━━━━━ Dataset excerpts
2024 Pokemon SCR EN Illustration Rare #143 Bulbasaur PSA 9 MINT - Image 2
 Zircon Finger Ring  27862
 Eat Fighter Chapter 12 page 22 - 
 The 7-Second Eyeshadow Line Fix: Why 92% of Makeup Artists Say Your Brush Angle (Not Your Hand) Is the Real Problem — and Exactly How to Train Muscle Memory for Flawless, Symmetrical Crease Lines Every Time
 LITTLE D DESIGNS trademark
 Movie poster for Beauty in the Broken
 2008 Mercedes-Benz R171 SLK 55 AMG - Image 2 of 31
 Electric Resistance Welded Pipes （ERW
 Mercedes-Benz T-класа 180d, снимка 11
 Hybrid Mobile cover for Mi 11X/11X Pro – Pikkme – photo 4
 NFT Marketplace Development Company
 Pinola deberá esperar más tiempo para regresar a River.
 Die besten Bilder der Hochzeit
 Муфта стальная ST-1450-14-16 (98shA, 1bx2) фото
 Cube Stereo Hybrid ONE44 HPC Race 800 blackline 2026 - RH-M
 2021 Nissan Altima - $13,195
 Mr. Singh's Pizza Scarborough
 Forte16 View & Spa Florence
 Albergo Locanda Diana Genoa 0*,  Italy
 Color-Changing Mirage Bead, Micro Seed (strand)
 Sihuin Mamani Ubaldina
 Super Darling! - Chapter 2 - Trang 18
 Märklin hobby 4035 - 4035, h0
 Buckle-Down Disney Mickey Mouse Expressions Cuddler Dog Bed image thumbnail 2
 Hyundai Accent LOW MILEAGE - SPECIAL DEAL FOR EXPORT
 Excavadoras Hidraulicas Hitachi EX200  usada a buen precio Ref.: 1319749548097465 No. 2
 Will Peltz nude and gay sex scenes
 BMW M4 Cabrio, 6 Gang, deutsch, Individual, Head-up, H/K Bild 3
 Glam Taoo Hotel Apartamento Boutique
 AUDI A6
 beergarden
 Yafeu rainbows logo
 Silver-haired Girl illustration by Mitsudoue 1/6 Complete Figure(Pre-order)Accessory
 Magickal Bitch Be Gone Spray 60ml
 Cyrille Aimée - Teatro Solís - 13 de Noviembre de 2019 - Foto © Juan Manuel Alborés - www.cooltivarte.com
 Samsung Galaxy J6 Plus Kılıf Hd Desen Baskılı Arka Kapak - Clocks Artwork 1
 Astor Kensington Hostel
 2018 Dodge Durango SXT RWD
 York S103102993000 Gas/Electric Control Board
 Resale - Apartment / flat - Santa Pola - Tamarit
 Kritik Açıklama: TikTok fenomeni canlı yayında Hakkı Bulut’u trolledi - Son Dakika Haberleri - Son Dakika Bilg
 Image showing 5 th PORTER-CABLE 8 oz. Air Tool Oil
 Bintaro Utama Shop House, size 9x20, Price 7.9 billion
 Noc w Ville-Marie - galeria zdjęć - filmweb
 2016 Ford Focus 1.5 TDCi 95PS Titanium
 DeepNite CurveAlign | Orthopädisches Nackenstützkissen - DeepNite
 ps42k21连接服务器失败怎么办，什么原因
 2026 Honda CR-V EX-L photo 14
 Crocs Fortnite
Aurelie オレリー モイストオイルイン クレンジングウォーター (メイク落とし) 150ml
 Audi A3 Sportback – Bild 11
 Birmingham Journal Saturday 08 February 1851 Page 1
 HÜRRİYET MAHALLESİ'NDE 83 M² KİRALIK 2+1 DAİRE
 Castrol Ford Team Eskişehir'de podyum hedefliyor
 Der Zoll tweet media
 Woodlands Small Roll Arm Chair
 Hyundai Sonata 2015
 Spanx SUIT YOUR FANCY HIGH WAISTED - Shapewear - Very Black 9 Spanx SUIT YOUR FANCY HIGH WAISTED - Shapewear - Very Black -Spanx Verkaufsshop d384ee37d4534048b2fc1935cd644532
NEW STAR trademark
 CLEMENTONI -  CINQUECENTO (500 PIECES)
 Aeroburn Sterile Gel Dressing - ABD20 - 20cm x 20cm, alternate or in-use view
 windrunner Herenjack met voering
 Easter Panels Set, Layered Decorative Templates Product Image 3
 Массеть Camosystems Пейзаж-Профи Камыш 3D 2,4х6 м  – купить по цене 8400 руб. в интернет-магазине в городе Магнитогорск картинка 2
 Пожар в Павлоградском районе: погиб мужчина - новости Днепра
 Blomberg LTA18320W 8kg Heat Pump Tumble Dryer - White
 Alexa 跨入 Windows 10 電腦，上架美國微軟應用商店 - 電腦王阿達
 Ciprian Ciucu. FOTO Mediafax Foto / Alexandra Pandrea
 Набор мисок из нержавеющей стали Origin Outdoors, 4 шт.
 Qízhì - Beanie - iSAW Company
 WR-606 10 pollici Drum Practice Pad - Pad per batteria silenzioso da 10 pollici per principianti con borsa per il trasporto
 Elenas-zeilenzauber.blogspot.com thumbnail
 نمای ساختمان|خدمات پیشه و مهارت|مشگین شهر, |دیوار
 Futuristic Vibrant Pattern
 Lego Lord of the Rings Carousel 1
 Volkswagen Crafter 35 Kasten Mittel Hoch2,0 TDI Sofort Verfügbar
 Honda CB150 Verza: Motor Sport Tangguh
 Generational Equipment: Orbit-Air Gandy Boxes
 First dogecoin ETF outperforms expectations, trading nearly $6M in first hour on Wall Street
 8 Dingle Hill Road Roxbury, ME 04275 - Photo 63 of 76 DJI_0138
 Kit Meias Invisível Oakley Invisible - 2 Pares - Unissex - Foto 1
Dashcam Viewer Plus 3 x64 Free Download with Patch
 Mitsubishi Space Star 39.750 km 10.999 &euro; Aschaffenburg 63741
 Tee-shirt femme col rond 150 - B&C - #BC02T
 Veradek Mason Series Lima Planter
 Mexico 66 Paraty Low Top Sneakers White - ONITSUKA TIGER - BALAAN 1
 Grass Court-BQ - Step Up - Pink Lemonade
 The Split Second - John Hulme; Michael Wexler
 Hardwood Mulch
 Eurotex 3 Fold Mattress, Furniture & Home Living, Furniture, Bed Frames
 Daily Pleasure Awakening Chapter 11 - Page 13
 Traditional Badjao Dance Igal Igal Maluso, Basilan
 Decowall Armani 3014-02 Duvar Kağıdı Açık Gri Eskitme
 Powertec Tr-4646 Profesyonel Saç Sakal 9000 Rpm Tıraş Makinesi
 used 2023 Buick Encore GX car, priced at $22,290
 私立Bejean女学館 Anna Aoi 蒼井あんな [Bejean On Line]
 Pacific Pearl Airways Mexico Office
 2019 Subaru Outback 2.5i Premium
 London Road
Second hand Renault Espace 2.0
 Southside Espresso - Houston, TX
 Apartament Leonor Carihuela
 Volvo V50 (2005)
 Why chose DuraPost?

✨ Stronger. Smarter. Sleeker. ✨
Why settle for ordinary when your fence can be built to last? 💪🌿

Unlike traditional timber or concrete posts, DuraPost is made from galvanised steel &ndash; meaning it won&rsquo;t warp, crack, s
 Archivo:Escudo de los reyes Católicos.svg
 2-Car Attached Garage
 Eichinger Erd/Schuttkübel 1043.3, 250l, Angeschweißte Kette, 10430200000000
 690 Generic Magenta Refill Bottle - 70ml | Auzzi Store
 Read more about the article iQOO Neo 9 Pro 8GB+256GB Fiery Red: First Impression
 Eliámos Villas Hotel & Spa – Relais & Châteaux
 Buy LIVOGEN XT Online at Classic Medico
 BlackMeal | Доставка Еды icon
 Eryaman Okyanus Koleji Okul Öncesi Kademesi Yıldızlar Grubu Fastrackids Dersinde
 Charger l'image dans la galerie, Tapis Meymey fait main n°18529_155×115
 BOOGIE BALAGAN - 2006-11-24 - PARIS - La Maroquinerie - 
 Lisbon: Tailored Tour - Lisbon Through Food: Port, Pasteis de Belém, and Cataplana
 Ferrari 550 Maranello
━━━━━━━━━━
_Work instruction_.
Look through the data and gather every line with the string "Plus" in it.

_Finished exercise_.
 Samsung Galaxy J6 Plus Kılıf Hd Desen Baskılı Arka Kapak - Clocks Artwork 1
Dashcam Viewer Plus 3 x64 Free Download with Patch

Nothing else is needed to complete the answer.